▶ **TASK REQUIREMENTS**
These records contain pictures, which must be left out; copy exactly the lines from the one with "Bright White Clearcoat" up to and including the one with "Se vende apartamento".

▶ **DATA EXTRACTS**
+--

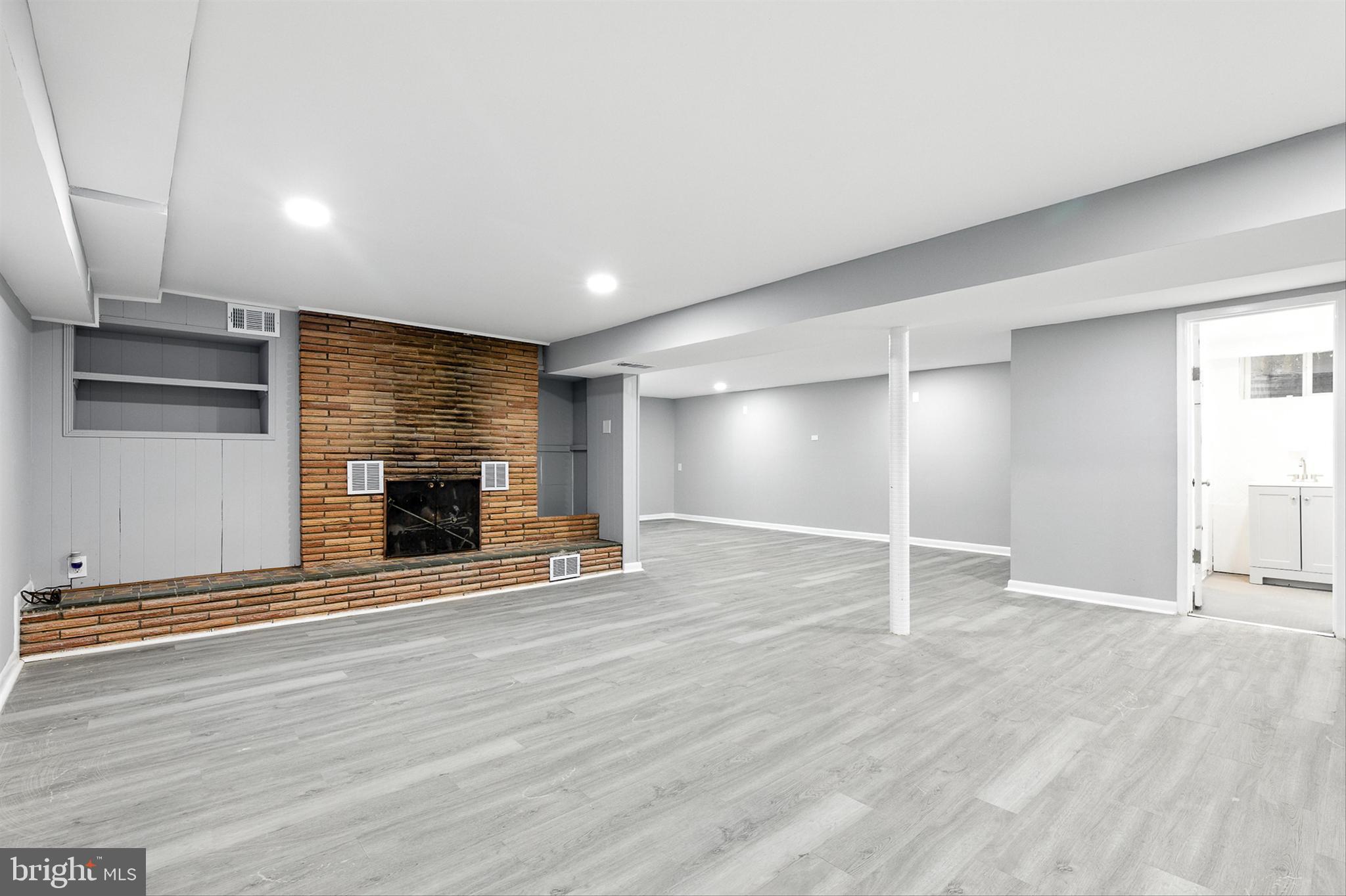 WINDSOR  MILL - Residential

+--

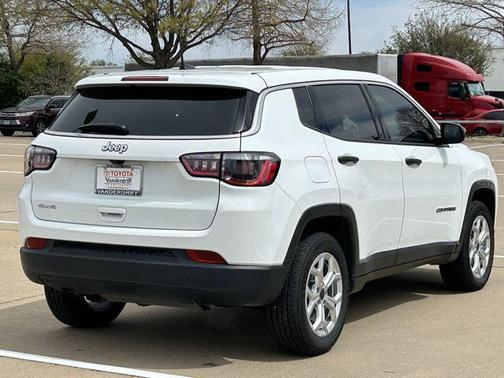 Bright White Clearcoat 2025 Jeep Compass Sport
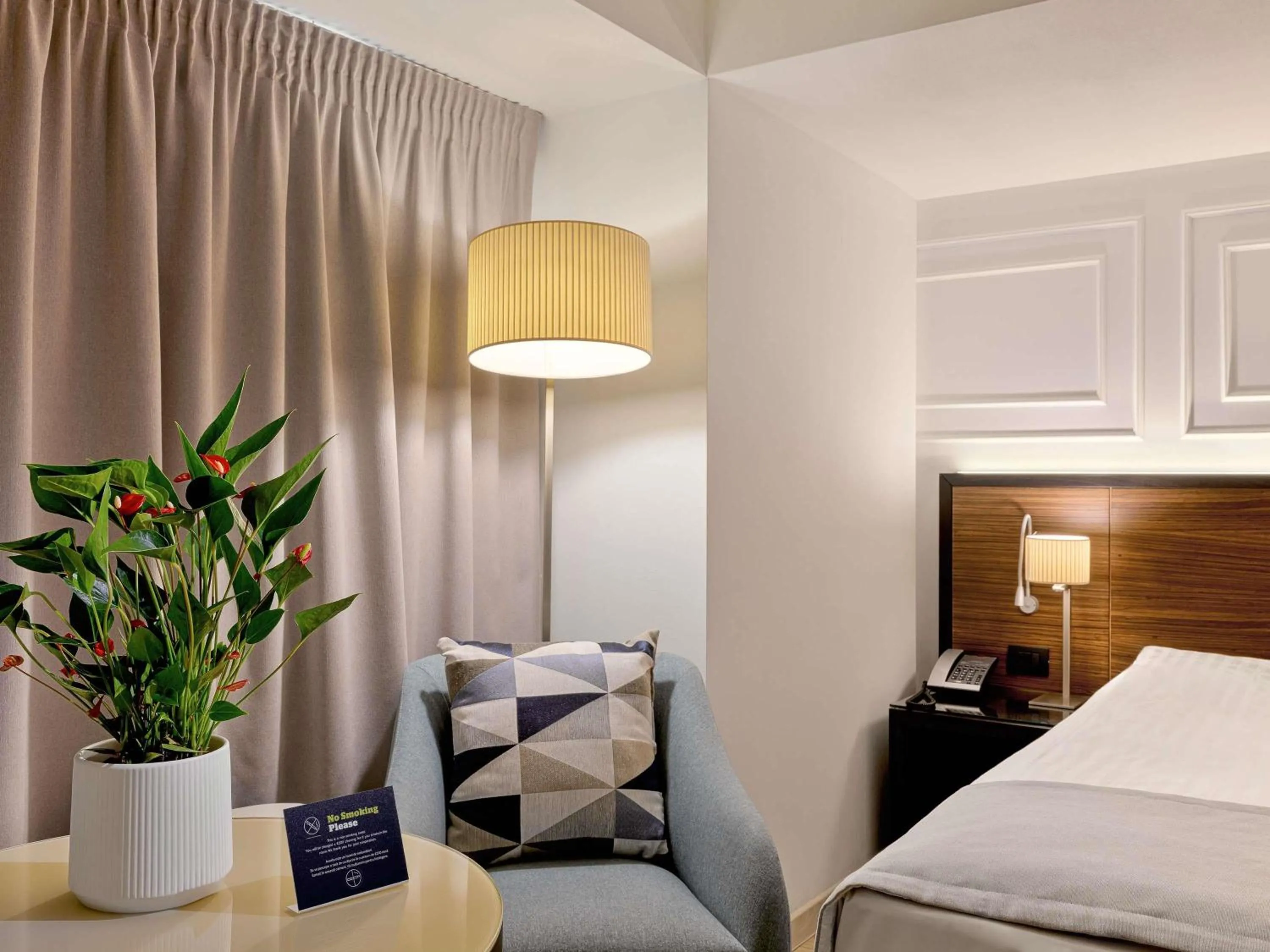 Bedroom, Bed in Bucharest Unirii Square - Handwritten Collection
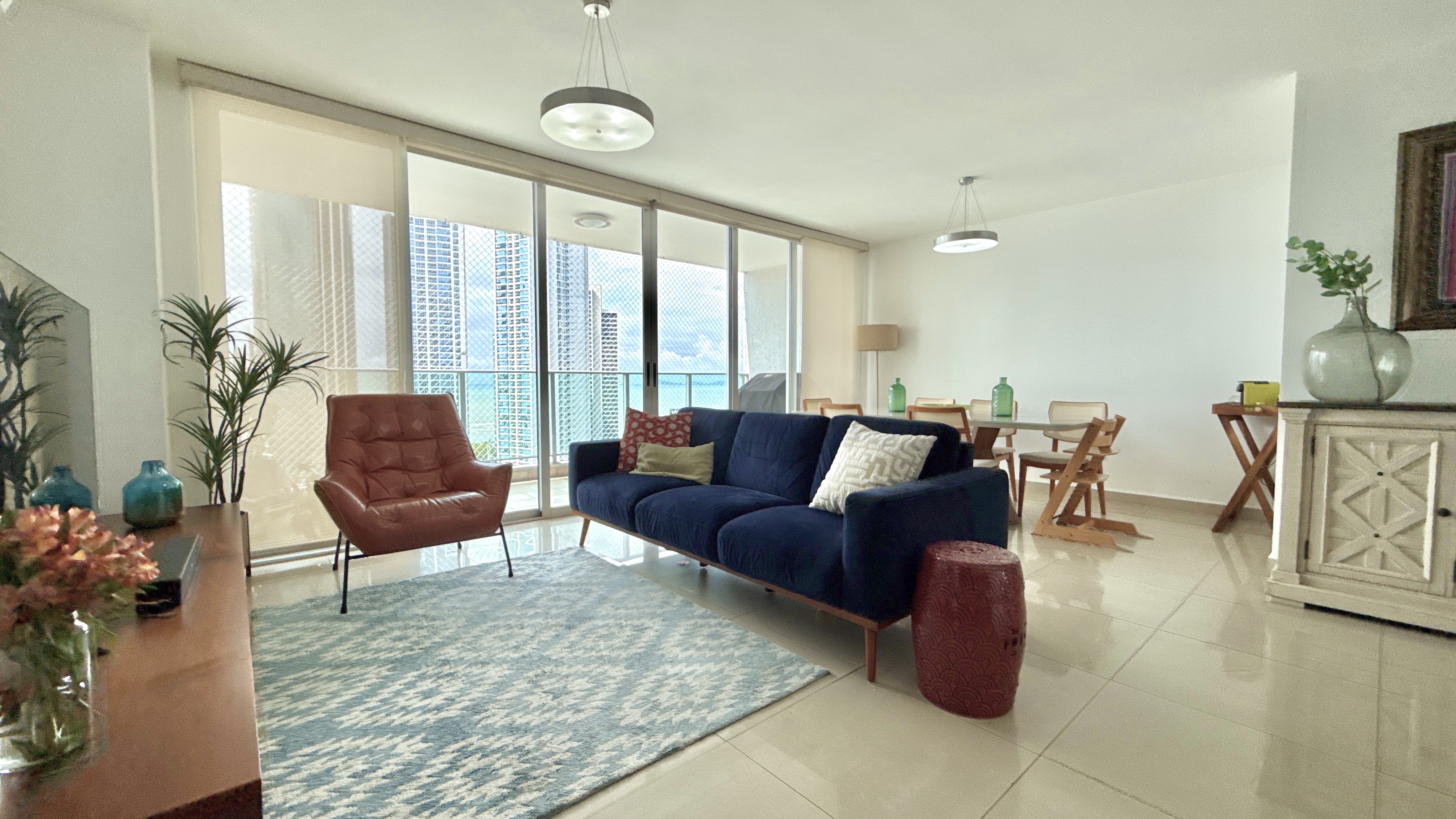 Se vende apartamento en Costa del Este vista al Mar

+--

▶ **EXERCISE RESPONSE**
 Bright White Clearcoat 2025 Jeep Compass Sport
 Bedroom, Bed in Bucharest Unirii Square - Handwritten Collection
 Se vende apartamento en Costa del Este vista al Mar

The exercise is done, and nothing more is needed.